The Joint Special Committee has made real progress in getting to the roots of the present troubles in the docks. I am sure that the whole House will wish to join with me in expressing gratitude for the hard and persistent work that it has done. Its report will show what can be achieved by discussion and negotiation. I believe that when the general body of dockers see the report they will recognise that unofficial blacking is not the way to achieve a solution and that the approach adopted by the committee is the only way to reach sensible arrangements that are fair to all concerned.

Mr. Prentice

The Industrial Relations Act has now placed the country in the crisis about which we warned the Government for a long time. Is the right hon. Gentleman aware that the most remarkable fact about his statement is that he did not once mention the effect of the Industrial Relations Act on this situation? Will he acknowledge the sequence of events which has occurred and persuade some of his right hon. Friends to stop fudging the issue and pretending that the situation could have arisen even if the Act had not been on the Statute Book?

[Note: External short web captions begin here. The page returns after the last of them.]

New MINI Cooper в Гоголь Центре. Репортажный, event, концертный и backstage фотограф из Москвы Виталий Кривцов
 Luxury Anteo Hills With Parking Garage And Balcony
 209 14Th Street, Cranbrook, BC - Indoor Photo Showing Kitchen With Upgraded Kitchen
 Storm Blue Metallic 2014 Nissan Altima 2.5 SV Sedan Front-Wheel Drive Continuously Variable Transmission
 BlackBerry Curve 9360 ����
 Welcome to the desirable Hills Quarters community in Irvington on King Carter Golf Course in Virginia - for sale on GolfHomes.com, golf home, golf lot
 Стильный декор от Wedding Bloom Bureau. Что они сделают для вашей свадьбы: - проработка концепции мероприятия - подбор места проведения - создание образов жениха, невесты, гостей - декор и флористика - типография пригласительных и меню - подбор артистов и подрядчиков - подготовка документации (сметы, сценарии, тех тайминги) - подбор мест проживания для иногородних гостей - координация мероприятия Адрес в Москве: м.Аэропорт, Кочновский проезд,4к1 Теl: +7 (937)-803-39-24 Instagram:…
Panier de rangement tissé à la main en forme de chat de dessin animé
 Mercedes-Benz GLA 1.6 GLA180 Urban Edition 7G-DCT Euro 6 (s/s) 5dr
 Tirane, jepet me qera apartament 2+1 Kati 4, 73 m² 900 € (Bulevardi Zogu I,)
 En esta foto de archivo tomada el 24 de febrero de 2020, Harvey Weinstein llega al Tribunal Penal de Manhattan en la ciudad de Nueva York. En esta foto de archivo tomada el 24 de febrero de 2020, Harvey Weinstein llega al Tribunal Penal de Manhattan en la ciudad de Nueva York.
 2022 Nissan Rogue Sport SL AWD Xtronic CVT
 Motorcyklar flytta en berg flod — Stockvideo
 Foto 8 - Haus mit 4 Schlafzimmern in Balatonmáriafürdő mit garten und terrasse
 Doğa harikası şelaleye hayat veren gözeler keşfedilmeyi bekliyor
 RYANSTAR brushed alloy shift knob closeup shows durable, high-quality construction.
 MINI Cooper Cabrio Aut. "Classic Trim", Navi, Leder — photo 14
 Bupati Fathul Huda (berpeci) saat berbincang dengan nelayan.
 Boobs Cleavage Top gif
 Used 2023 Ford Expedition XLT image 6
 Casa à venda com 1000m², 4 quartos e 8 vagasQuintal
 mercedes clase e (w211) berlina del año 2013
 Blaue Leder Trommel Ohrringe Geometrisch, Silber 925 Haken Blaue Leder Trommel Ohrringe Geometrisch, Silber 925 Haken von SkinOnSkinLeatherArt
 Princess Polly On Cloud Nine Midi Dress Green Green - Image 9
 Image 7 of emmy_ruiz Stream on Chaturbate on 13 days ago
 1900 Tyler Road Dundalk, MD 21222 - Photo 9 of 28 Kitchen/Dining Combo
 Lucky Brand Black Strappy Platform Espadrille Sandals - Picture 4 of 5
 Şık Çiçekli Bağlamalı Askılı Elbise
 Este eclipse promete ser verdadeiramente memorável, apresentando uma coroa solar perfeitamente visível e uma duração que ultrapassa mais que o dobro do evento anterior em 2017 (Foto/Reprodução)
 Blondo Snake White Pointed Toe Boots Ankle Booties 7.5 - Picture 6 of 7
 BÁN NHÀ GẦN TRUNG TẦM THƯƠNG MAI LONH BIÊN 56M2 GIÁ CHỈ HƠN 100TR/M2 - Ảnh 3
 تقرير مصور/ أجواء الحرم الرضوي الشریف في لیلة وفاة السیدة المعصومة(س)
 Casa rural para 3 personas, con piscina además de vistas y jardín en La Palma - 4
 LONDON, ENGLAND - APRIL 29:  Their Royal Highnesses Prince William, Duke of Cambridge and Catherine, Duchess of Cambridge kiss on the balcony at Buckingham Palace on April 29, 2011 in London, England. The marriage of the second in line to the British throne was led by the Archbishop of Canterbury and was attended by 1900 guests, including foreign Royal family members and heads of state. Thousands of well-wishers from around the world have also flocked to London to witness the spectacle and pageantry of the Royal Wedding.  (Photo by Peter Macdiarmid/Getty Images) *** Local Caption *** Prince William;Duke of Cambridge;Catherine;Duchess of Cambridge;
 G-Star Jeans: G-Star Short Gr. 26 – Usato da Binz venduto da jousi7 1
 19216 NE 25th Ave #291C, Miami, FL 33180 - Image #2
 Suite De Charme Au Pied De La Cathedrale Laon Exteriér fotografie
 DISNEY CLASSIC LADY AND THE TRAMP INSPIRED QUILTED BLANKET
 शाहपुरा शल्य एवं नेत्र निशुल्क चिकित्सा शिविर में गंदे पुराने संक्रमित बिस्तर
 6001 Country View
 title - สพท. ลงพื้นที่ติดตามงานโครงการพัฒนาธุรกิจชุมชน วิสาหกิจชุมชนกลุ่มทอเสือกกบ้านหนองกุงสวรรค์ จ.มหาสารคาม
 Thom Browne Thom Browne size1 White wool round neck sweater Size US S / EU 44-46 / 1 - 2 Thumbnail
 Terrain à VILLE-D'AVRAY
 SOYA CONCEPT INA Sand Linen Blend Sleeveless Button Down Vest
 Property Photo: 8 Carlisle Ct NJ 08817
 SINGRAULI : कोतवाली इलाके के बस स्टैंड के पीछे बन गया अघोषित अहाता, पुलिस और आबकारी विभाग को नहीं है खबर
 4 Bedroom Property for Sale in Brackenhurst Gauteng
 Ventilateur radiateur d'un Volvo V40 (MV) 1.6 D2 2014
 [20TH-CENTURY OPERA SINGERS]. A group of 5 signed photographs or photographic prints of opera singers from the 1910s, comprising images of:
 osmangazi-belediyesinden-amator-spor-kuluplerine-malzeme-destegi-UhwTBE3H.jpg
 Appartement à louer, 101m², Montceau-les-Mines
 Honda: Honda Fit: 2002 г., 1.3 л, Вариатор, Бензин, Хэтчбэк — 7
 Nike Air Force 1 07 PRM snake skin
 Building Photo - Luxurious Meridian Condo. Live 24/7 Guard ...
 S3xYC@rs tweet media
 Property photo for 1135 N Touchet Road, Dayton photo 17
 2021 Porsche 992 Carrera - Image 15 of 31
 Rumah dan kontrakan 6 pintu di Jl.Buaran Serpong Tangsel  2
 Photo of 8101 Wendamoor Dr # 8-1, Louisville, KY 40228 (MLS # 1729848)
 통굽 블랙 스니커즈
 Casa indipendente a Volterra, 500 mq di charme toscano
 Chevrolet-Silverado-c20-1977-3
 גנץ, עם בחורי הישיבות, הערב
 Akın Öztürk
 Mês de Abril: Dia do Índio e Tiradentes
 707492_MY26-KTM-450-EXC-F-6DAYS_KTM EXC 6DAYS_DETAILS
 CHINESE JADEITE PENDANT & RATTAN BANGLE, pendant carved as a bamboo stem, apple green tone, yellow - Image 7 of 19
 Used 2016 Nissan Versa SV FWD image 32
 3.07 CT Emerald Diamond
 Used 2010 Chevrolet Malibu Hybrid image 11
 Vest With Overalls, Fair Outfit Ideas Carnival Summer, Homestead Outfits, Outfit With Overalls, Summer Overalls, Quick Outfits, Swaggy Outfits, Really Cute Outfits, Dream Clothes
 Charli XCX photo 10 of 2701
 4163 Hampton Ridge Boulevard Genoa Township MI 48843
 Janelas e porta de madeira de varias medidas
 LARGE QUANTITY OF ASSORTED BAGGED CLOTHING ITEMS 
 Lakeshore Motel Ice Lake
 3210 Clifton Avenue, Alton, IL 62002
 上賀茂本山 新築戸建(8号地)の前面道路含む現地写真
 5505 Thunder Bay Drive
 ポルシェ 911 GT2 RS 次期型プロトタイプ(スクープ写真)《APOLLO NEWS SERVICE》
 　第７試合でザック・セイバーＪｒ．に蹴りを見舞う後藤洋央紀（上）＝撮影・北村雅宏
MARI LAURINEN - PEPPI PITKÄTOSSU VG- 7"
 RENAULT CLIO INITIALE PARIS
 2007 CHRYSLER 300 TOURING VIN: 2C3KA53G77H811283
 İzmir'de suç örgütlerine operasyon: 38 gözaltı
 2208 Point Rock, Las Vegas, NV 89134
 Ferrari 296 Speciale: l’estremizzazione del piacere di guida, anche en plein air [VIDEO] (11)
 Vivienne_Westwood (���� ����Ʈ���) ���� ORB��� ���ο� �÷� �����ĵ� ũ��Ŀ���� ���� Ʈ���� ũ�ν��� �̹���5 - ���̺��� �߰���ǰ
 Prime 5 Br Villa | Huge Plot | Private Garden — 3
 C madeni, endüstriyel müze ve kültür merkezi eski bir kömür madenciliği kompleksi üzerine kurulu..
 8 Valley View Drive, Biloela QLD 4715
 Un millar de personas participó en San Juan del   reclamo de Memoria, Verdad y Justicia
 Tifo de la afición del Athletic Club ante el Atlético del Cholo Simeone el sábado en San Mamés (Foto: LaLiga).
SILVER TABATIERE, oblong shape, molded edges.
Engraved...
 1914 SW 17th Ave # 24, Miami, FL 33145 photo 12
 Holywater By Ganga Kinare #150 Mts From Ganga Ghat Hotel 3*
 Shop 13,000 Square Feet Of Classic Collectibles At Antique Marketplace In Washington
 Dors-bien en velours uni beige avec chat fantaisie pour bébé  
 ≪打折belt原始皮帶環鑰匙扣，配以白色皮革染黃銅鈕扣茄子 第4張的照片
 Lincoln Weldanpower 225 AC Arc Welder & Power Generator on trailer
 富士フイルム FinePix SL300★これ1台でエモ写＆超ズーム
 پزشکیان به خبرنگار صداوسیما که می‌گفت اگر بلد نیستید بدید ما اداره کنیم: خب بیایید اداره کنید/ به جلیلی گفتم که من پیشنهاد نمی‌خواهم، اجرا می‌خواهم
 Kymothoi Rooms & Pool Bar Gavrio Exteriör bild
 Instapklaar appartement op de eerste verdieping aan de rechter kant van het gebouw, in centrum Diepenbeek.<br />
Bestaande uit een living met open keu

Is it not clear that there is a sequence of events from the beginning of an action in the court by employers under the Industrial Relations Act leading to the arrest of these five dock workers and, inevitably, to the kind of reaction by dockers and other workers of which the Government had been warned throughout all the debates on this legislation?

If the country is to be rescued from the mess into which the Government have plunged it, will the Secretary of State recognise that this can now only happen along two lines? The first is the acceptance of the Jones-Aldington recommendations. I am sure we all agree with the tribute the right hon. Gentleman has paid to the members of the committee, who have clearly done a considerable job in a very short time. I also welcome what he said about Government financial help. I am sure we all agree that the Government have responded quickly to this, as well they might in view of the mess into which their policies have plunged the country.

Will the right hon. Gentleman honestly acknowledge that, whereas the report might readily have been accepted last week, it will be ten times more difficult to get it accepted this week in view of the events of the last few days?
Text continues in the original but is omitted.